Amaç halkların ortaklaşan mücadelesini bölmek
Hiç kuşkusuz ki AKP’nin topyekûn savaş politikalarına bağlı olarak kullandığı infazlar durduk yere ortaya çıkan bir durum değil. AKP, giderek güçlenen devrimci, demokrat, yurtsever harekete karşı, sivilleri infaz ederek bir mesaj vermeye çalışıyor. Sivil katliamlarının sebebi, giderek yükselen ve AKP’nin sonunu hazırlayan demokrasi ve sosyalizm mücadelesinin, halkların birliği ve cüretidir.
Halkların mücadelelerini birleştirerek, bir araya gelmeye başlaması; işçilerin mücadelelerinin giderek yükselmesi ve cılızda kalsa bu mücadelelerin sosyalistlerle birleşme çabası; devrimcilerin, demokratların ses getiren eylemleri AKP için ilk sinyalleri taşıyordu. Ancak bu noktasıyla AKP için tehlike çanlarının çalmaya başlaması, AKP’nin %10 civarında oy kaybetmesi ve HDP’nin barajı rahatlıkla geçmesi oldu.
Halkların birleşen mücadelelerini darbelemek amacıyla derhal topyekûn savaş politikası hayata geçirildi. Bununla birlikte, Kuzey Kürdistan ve Güney Kürdistan’da gerilla alanları bombalanmaya başlanırken, Türkiye – Kuzey Kürdistan’da yine siyasi operasyonlar baş göstermeye başladı. Bir hafta içinde 1300 kişi gözaltına alındı, onlarcası tutuklandı. Birçok kişide sokak ortasında ve evlerinde infaz edilmek istendi.
İnfazlar AKP’nin sonunun göstergesidir
Hayata geçen topyekûn savaş konseptinin bir ayağı olarak infaz politikaları AKP’nin adeta son çırpınışlarıdır. Sonunun geldiğini anlayan AKP, halkları bölmek ve zulümkarlara karşı mücadeleden vazgeçirmek için sokak ortasında infazlara başladı. AKP’nin vermeye çalıştığı mesaj; “Ya bana karşı mücadeleden vazgeçin ya da böyle sokak ortasında infaz ederiz” oldu.
Ancak AKP’nin kullandığı bu kirli savaş yöntemleri boşa çıkacaktır. Elinden geleni ardına koymayan, Amed’de, Suruç’ta açıkça katliamların ortağı olan, Zergele’de hiç çekinmeksizin -tıpkı Roboski’de olduğu gibi- halkları bombalayan AKP, infaz yöntemleri ile de halkları demokrasi ve sosyalizm mücadelesinden koparamayacaktır. Hatta çelişkileri giderek keskinleşen, devletin gerçek yüzünü gören halklar, AKP karşısında çok daha çetin mücadelelere girişecektir.
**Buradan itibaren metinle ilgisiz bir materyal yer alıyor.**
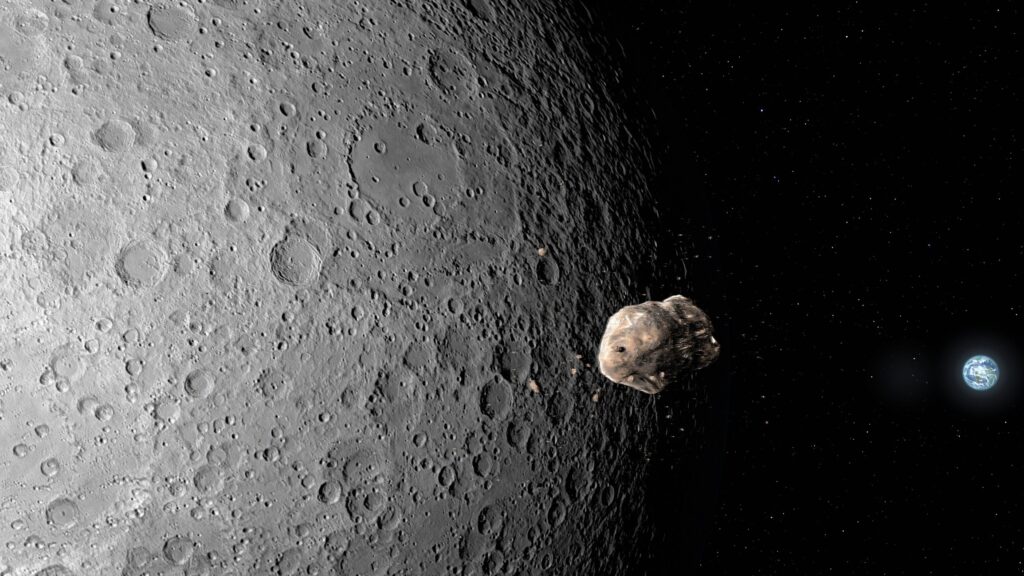 asteroid-2024-yr4-to-safely-pass-moon-ending-collision-speculation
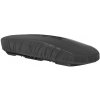 Obal na strešné boxy THULE 6981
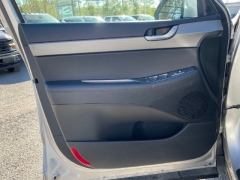 Used 2025  Hyundai Palisade SEL AWD at Tecforce Automotive near Bridgeport&comma; NY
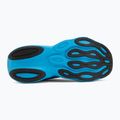 Scarpe da corsa uomo New Balance Ellipse V1 altitude/black 4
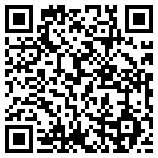 QR Code for Call Tree Service in North Chesterfield, VA 23224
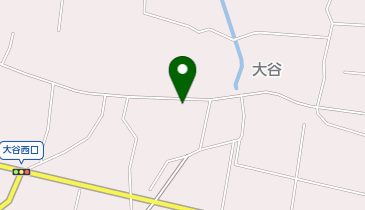 赤本商店の地図画像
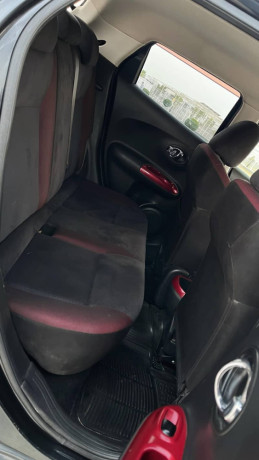 nissan-juke-2012-big-10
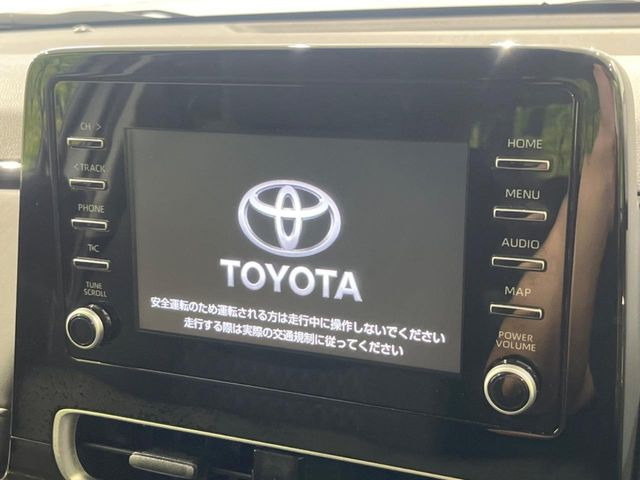 �y�f�B�X�v���C�I�[�f�B�I�z�������̃X�}�z��MP3�v���C���[�Ƃ̖����ڑ��ŉ��y�Đ����\!�R�[�h�Ōq���킸��킵���������A��y�ɂ��C�ɓ���̉��y���y���߂܂��B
Daha keskin ve çetin mücadelelere hazırlanmalıyız
Mücadelenin daha da keskinleştiği, insanların sokak ortasında infaz edildiği, halkların üzerine bombaların yağdığı, gözaltıların, tutuklamaların süreklileştiği günümüzde sosyalistler olarak bizlerde AKP’ye karşı daha keskin ve çetin bir mücadele hattı örmeli ve buna karşı hazırlık yapmalıyız.
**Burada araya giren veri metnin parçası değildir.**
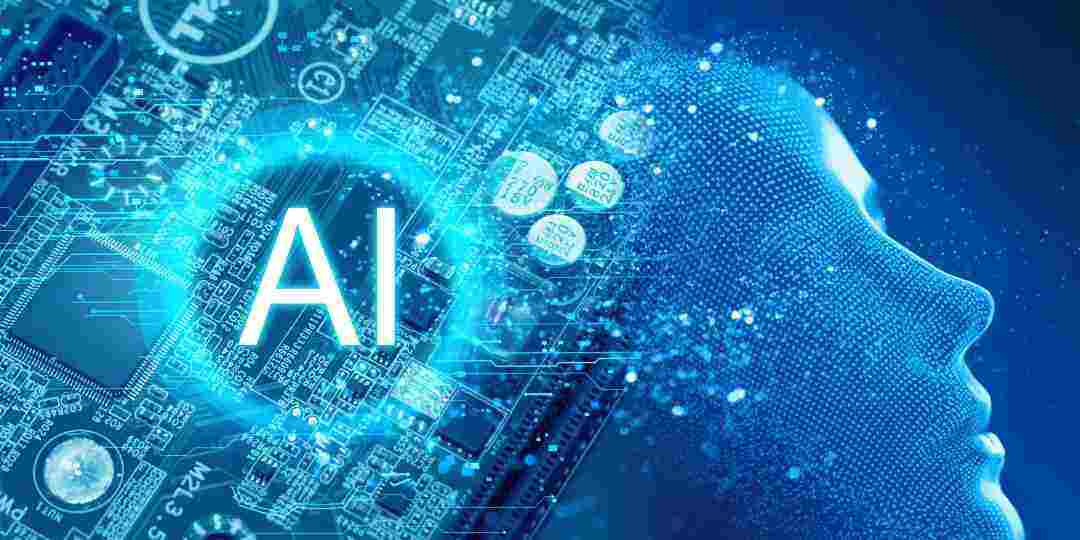 亚洲精品无码高潮喷水A片小说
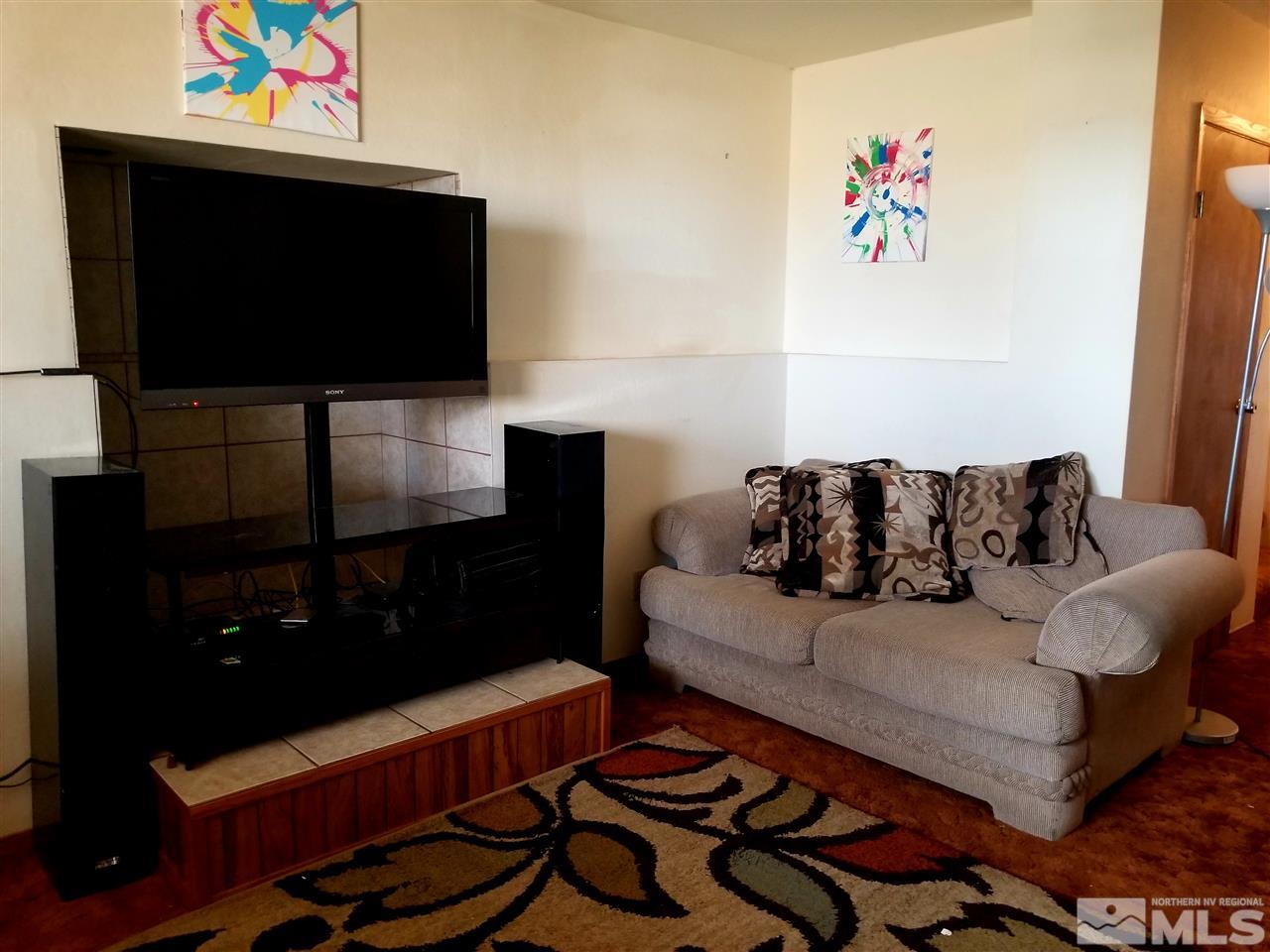 7540 Winchester Road Silver Springs, NV 89429 - Photo 17 of 23 Photo 17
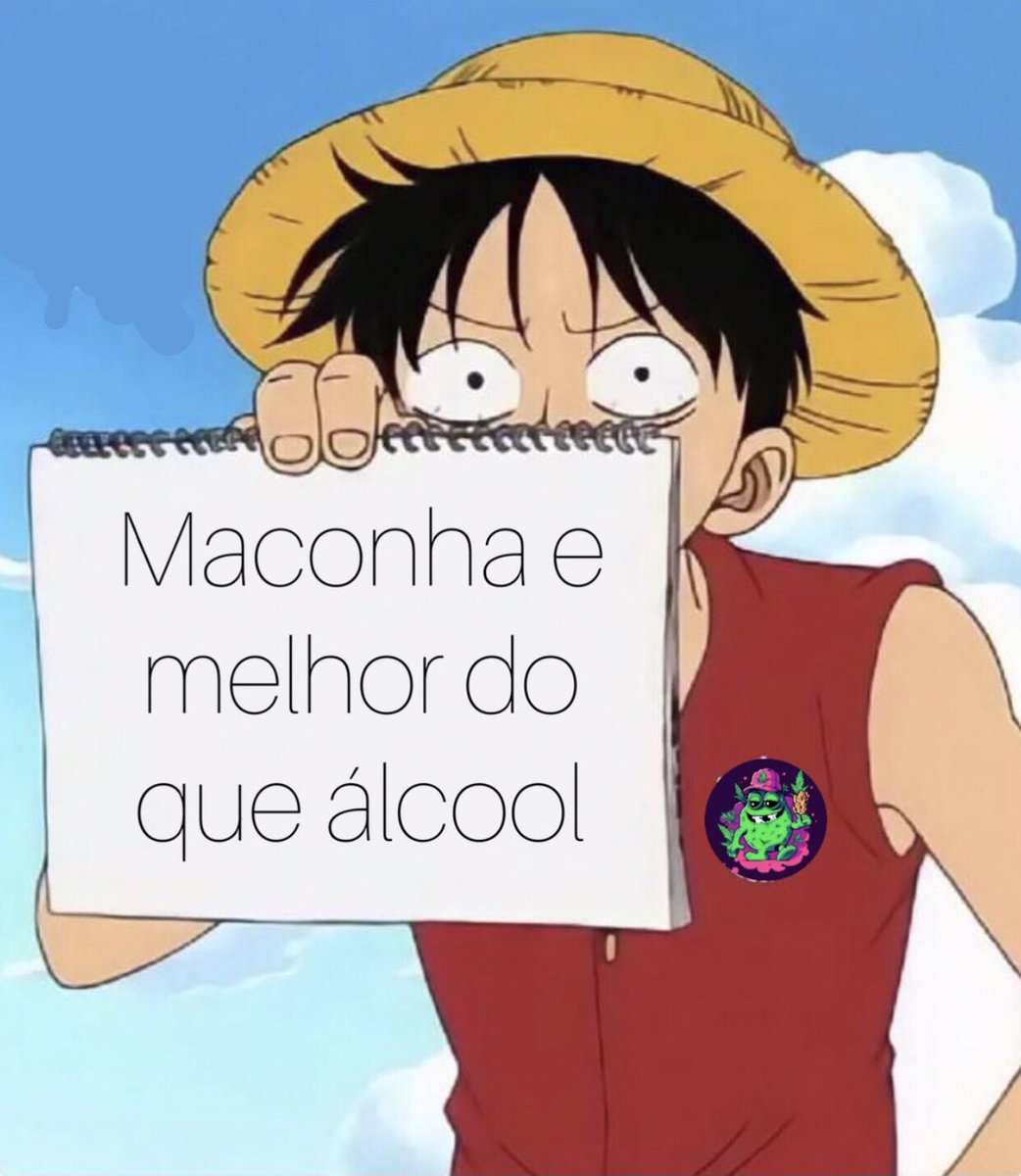 Fato!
Devletin faşist yüzünü hep tahlil ettik, bununla da hep karşı karşıya geldik. Ancak bugün devletin faşist yüzü artık “demokrasi” söylemlerinden tamamen sıyrılmış ve en açık haliyle karşımızda durmaktadır. Başta Kürdistan olmak üzere ülke genelinde tüm halklar devletin faşist yüzü ile burun buruna gelmekte ve devletin zulmüne en ağır biçimde maruz kalmaktadır.
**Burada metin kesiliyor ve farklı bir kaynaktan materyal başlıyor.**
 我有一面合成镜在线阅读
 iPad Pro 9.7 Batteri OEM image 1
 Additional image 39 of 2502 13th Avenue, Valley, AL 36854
Topyekûn savaş koşulları altında elbette sosyalistlerinde her gün evleri basılacak, onlarca yıl ile yargılanacak ve hatta yeni infazlarda sosyalistlere karşı gerçekleşecektir. Ancak bunlar kararlı ve bilimsel yolda hedefine doğru yürüyen bir sosyalist- devrimci harekete engel olamayacaktır. AKP’nin tüm kirli savaş politikalarına karşı ayağa kalkmalı, çelişkileri keskinleşen halklarla bütünleşmeli ve çetin mücadele günlerine hazırlıklı olmalıyız.